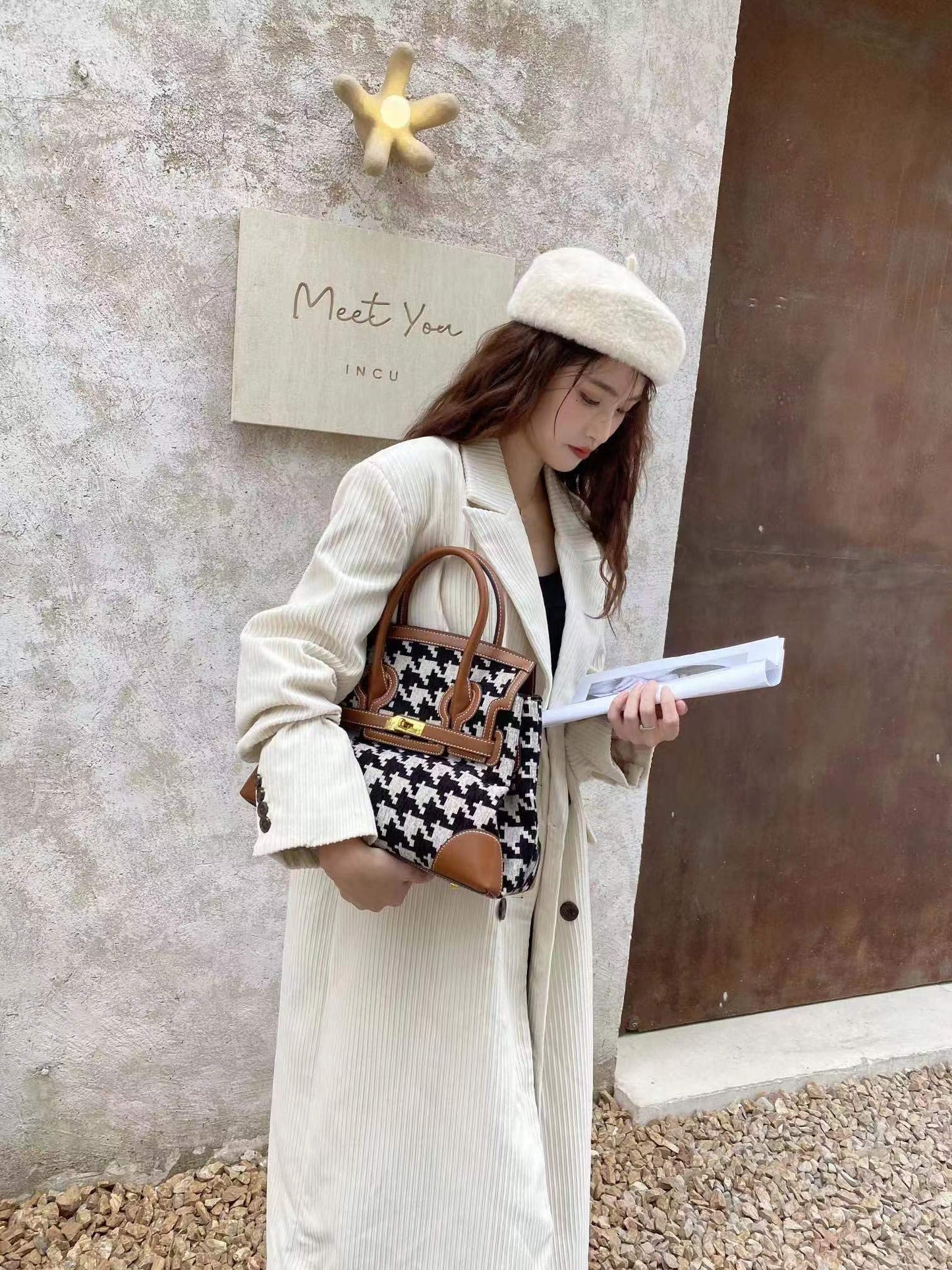 Women's handbag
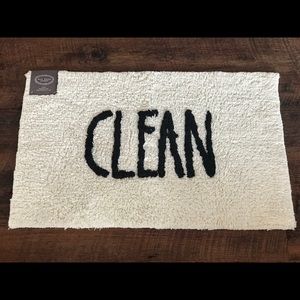 Rae Dunn bathroom mat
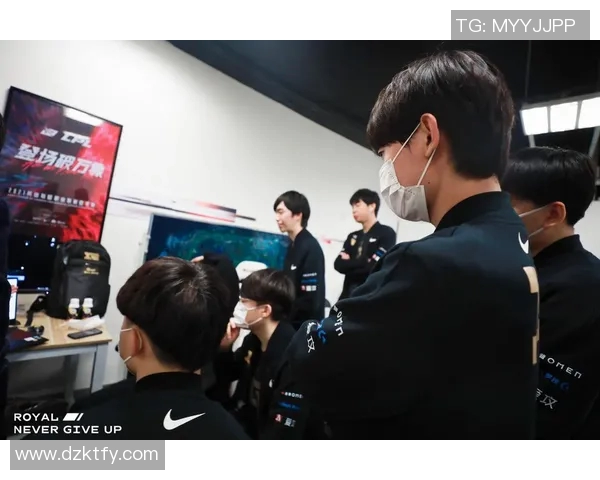 赛后复盘分析FPX与RNG在比赛中的战术意识与团队配合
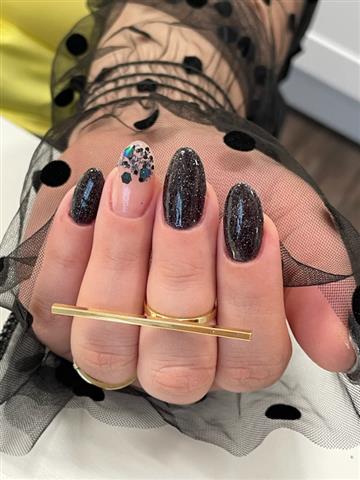 Nail artist image 3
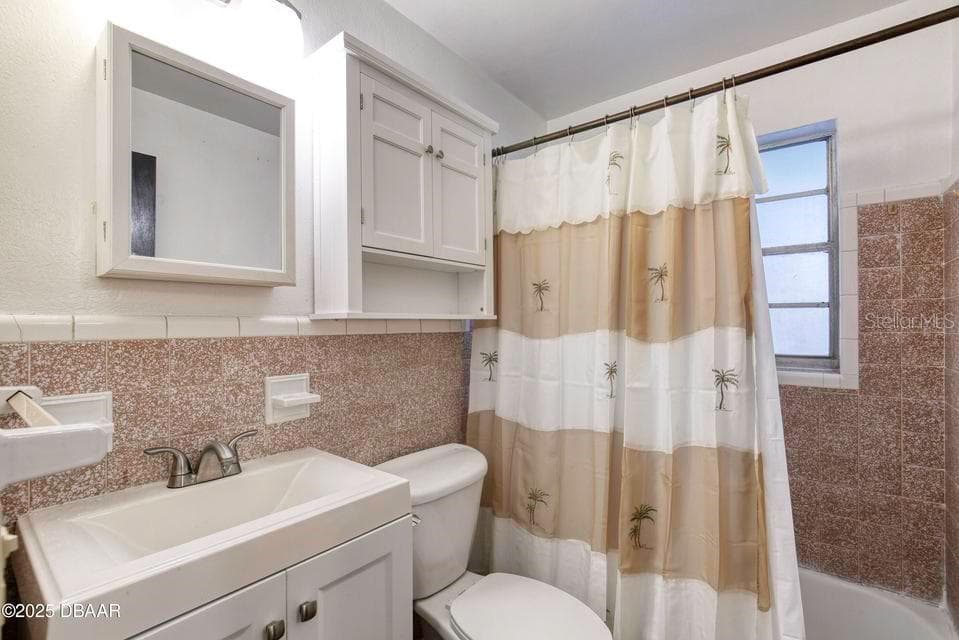 815 8TH STREET — photo 15 of 47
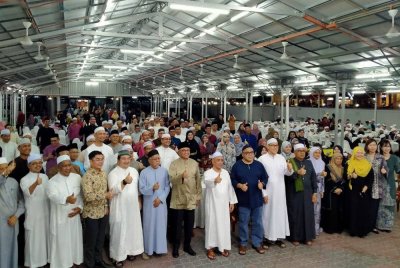 Saarani (lapan dari kiri) ketika Majlis Berbuka Puasa bersama Penjawat Awam Perak di Laman Seri Ridzuan pada Rabu.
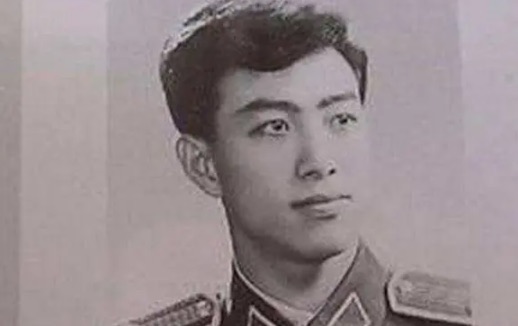 网络图片(侵删) 网络图片(侵删)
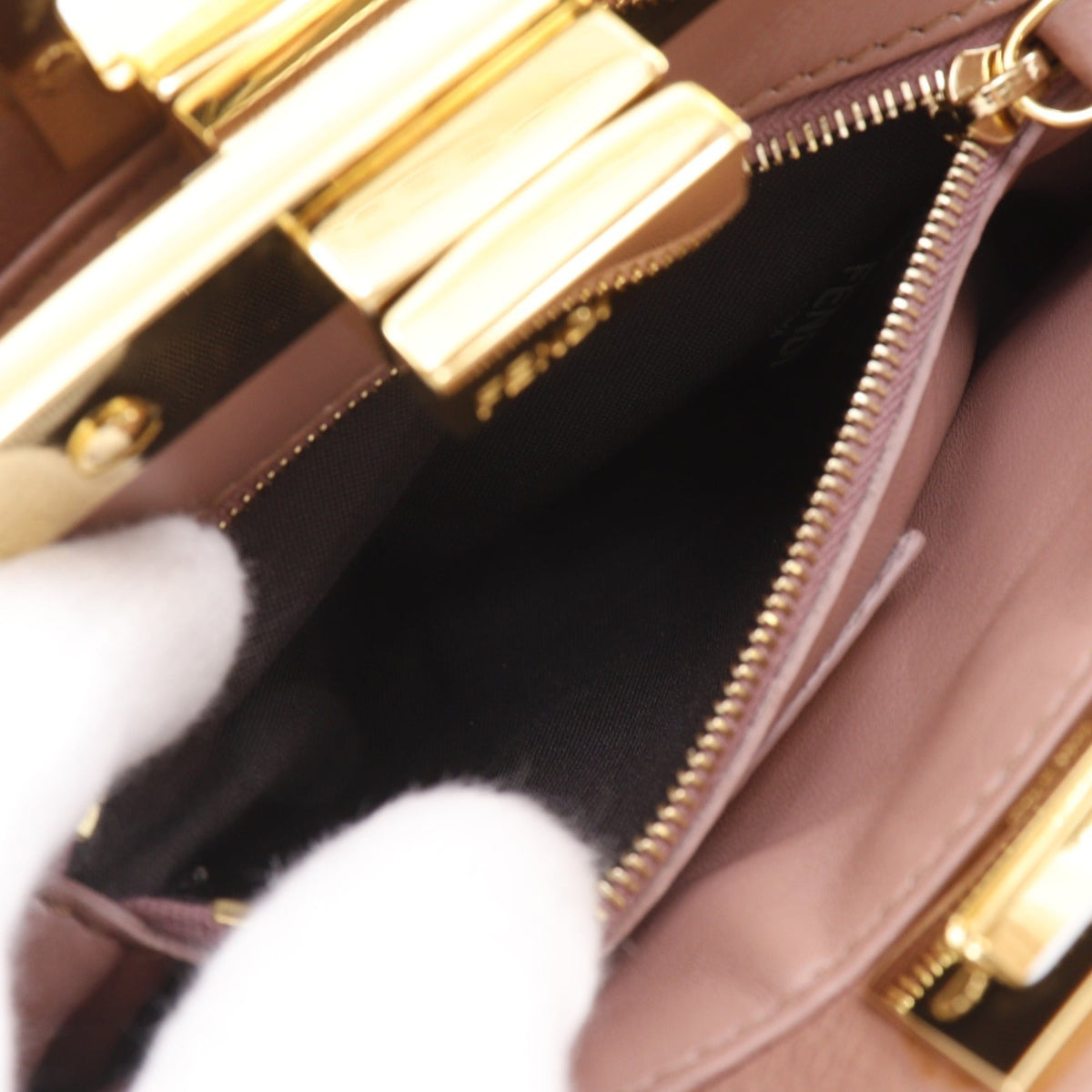 Fendi Peekaboo Pink Leather Handbag (Pre-Owned)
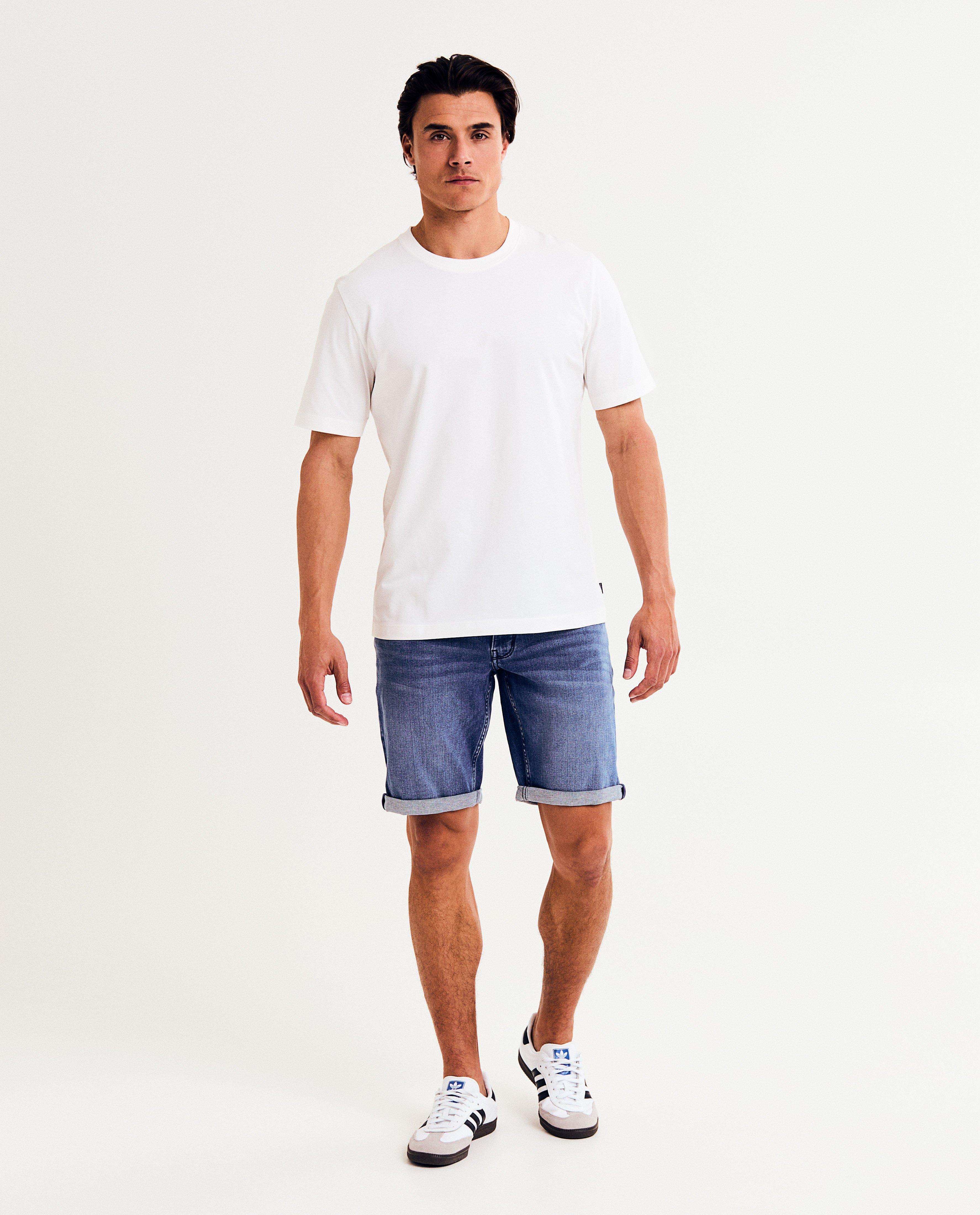 Short bleu en jeans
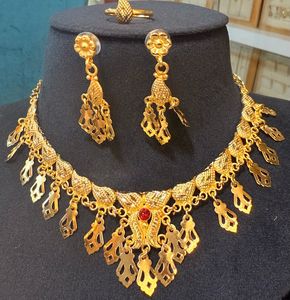 ชุดเครื่องประดับวินเทจสีทอง24K ดูไบชุดเครื่องประดับมุกคลาสสิกสร้อยคอครบรอบร้อยด้วยเพชรสร้อยคอต่างหูกำไลข้อมือของขวัญสุดเพอร์เฟกต์ - Product Image 3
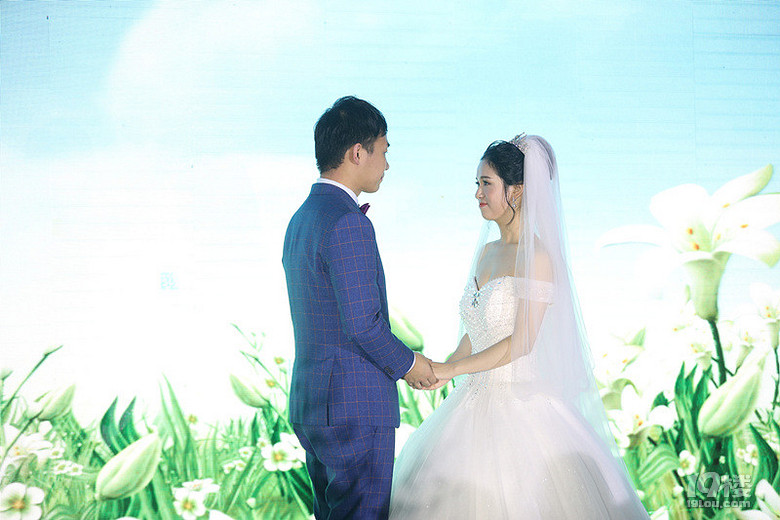 【結婚日記】一個蘋果引發(fā)的校園文藝小愛情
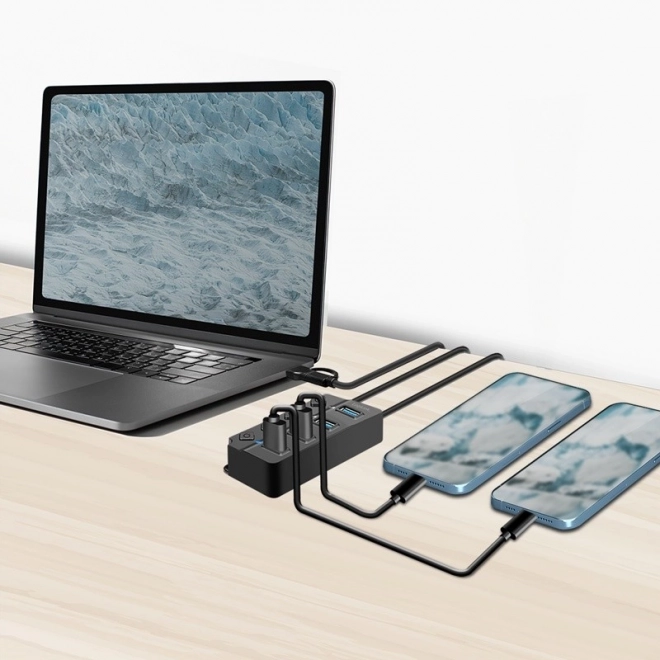 USB Hub s 4 porty, 3.2 Gen 1, černý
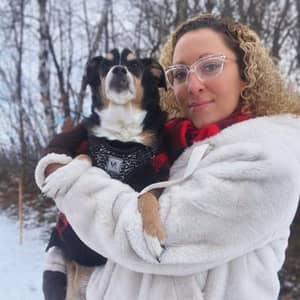 Sitter Profile Image: Taneesha R.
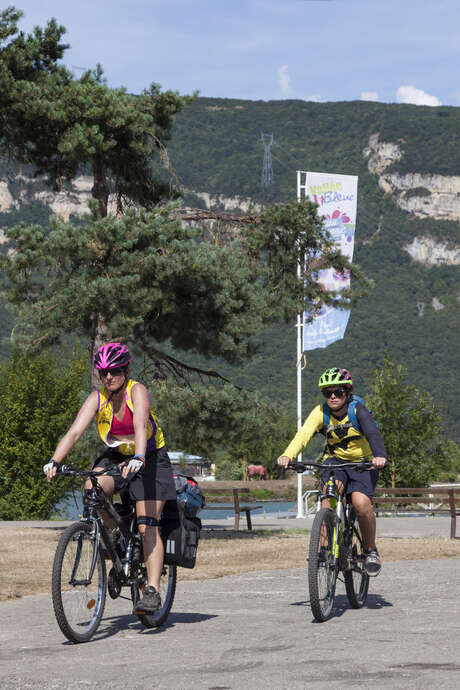 Balade à vélo : Quirieu, la cité endormie Balade à vélo : Quirieu, la cité endormie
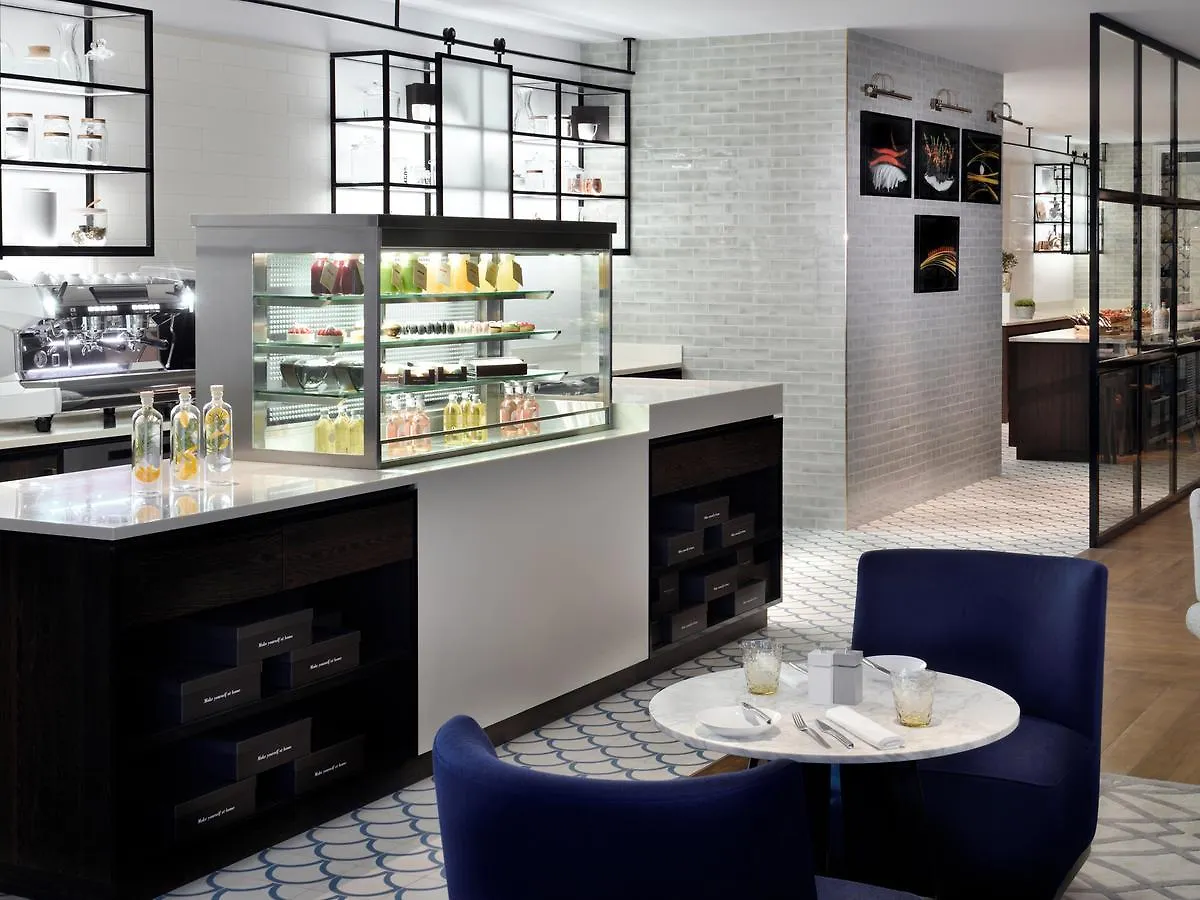 Address Boulevard Dubai 5*,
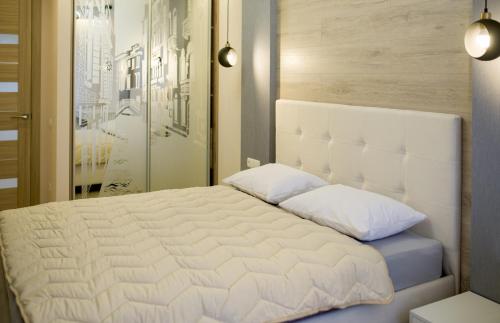Lovely modern flat in town center - image 4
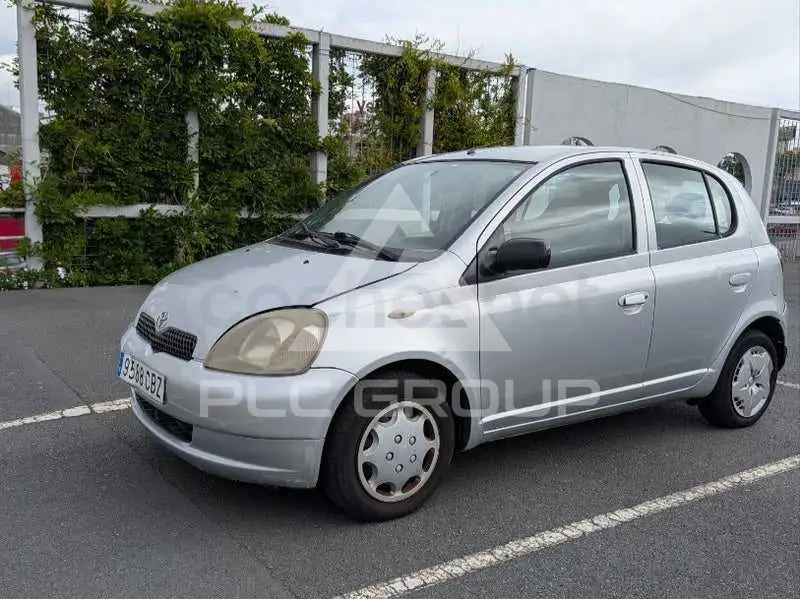 2002 Toyota YARIS
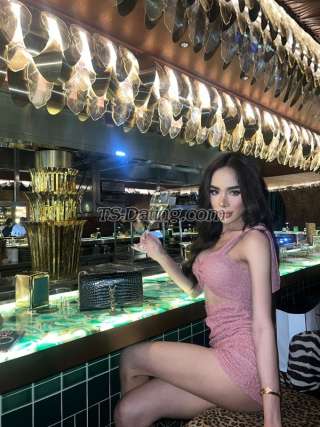 trans girl SMILESMILE 6532133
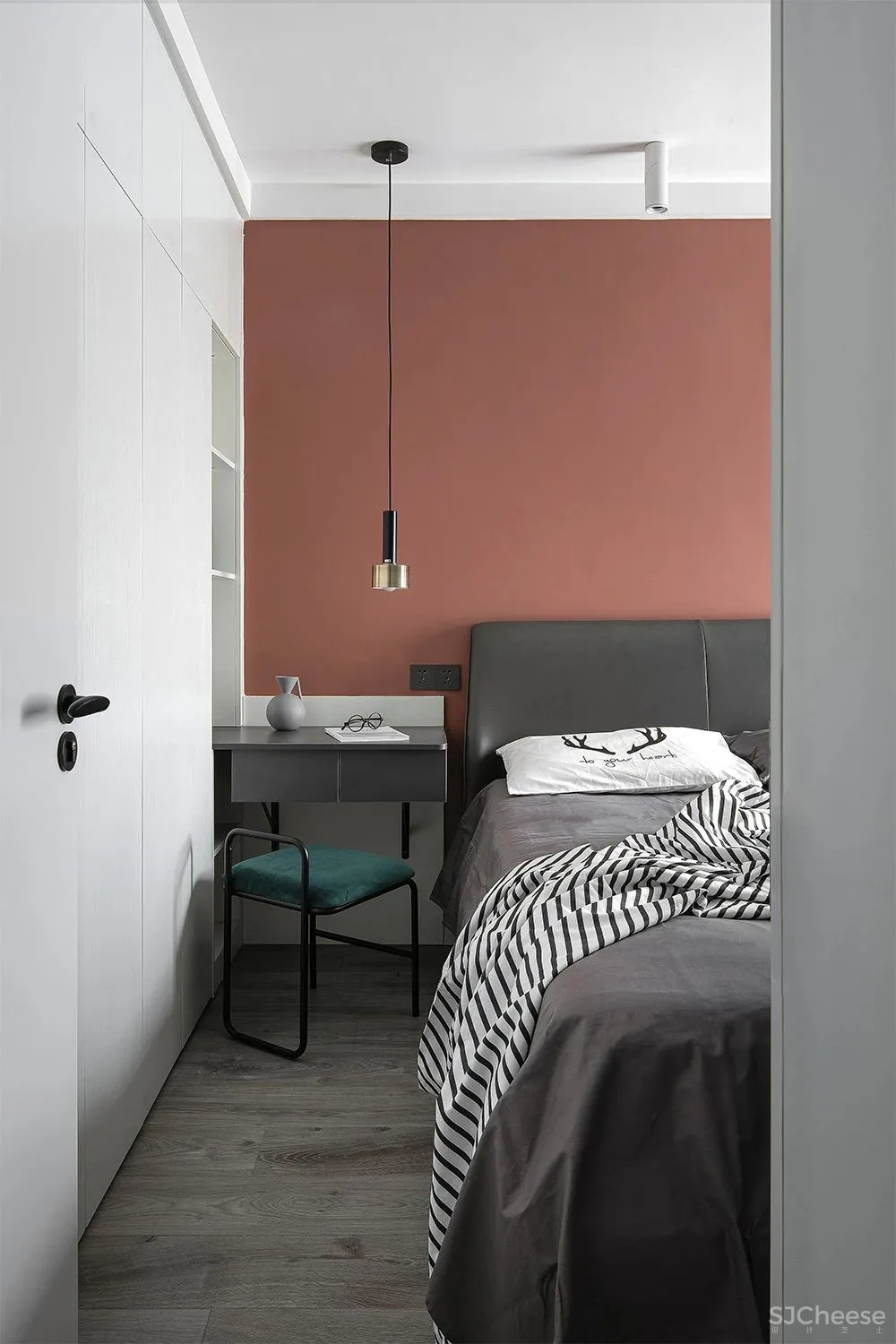 黑白灰，极具视觉张力的极简格调 予以设计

===============

> Assigned task
Once you find the line containing "赛后复盘分析FPX与RNG在比赛中的战术意识与团队配合", transcribe it and each line after it to the end of the records exactly, and leave out the pictures.

> Output for this task
 赛后复盘分析FPX与RNG在比赛中的战术意识与团队配合
 Nail artist image 3
 815 8TH STREET — photo 15 of 47
 Saarani (lapan dari kiri) ketika Majlis Berbuka Puasa bersama Penjawat Awam Perak di Laman Seri Ridzuan pada Rabu.
 网络图片(侵删) 网络图片(侵删)
 Fendi Peekaboo Pink Leather Handbag (Pre-Owned)
 Short bleu en jeans
 ชุดเครื่องประดับวินเทจสีทอง24K ดูไบชุดเครื่องประดับมุกคลาสสิกสร้อยคอครบรอบร้อยด้วยเพชรสร้อยคอต่างหูกำไลข้อมือของขวัญสุดเพอร์เฟกต์ - Product Image 3
 【結婚日記】一個蘋果引發(fā)的校園文藝小愛情
 USB Hub s 4 porty, 3.2 Gen 1, černý
 Sitter Profile Image: Taneesha R.
 Balade à vélo : Quirieu, la cité endormie Balade à vélo : Quirieu, la cité endormie
 Address Boulevard Dubai 5*,
Lovely modern flat in town center - image 4
 2002 Toyota YARIS
 trans girl SMILESMILE 6532133
 黑白灰，极具视觉张力的极简格调 予以设计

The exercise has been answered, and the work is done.